======== Data supplied ========

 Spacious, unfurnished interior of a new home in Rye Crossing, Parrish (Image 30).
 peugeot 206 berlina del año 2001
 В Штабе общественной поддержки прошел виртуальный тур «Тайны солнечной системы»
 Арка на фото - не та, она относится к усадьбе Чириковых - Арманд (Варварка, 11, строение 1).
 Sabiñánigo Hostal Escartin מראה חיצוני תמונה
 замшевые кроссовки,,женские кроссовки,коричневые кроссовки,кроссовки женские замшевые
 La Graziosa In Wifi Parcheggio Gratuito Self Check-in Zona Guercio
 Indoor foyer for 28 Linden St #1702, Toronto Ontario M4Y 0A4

========

## Required action:
Find the line with "Sabiñánigo Hostal Escartin מראה חיצוני תמונה" in the listing. Reproduce it and all the lines after it, exactly, through the last line.

## The completed task:
 Sabiñánigo Hostal Escartin מראה חיצוני תמונה
 замшевые кроссовки,,женские кроссовки,коричневые кроссовки,кроссовки женские замшевые
 La Graziosa In Wifi Parcheggio Gratuito Self Check-in Zona Guercio
 Indoor foyer for 28 Linden St #1702, Toronto Ontario M4Y 0A4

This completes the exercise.